Omit every picture. Return all other data as it stands.

Data shown:
•••••

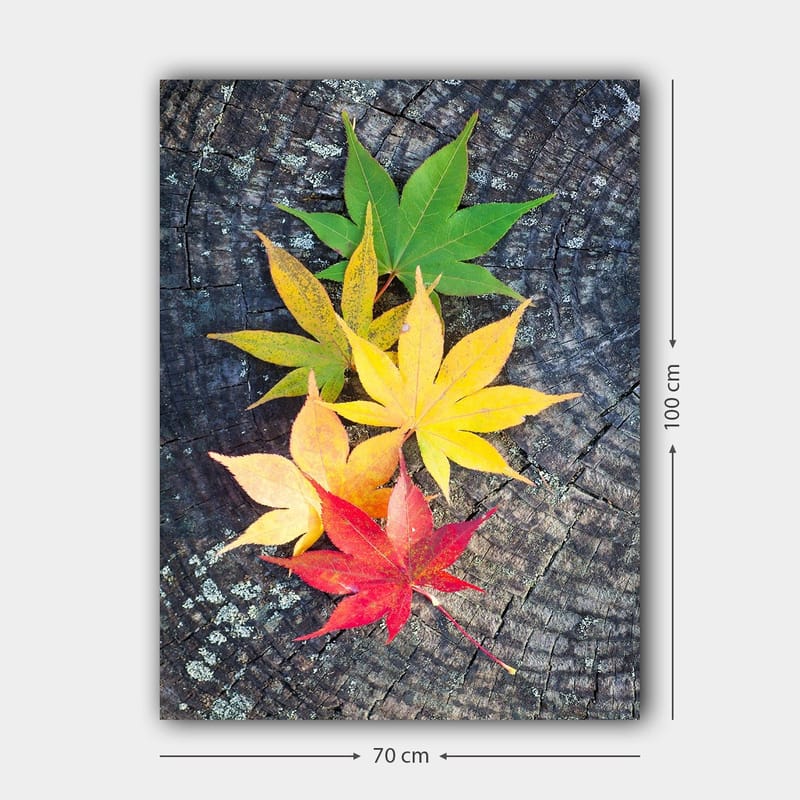Lærred 70x100 cm - Farverige efterårsblade i forskellige nuancer på en træoverflade - Grøn / Gul / Rød - Boligtilbehør - Billeder & kunst - Billeder på lærred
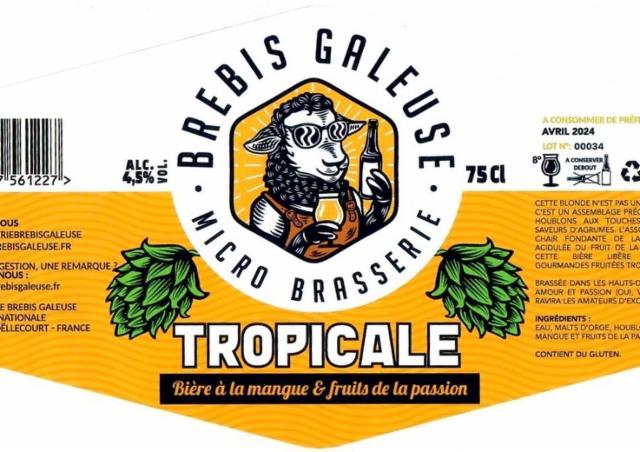 Brebis Galeuse Tropicale 8.0%, Brasserie Brebis Galeuse [Closed], France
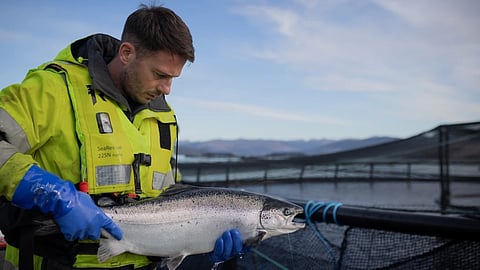 Salmon Scotland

•••••

Task response:
Lærred 70x100 cm - Farverige efterårsblade i forskellige nuancer på en træoverflade - Grøn / Gul / Rød - Boligtilbehør - Billeder & kunst - Billeder på lærred
 Brebis Galeuse Tropicale 8.0%, Brasserie Brebis Galeuse [Closed], France
 Salmon Scotland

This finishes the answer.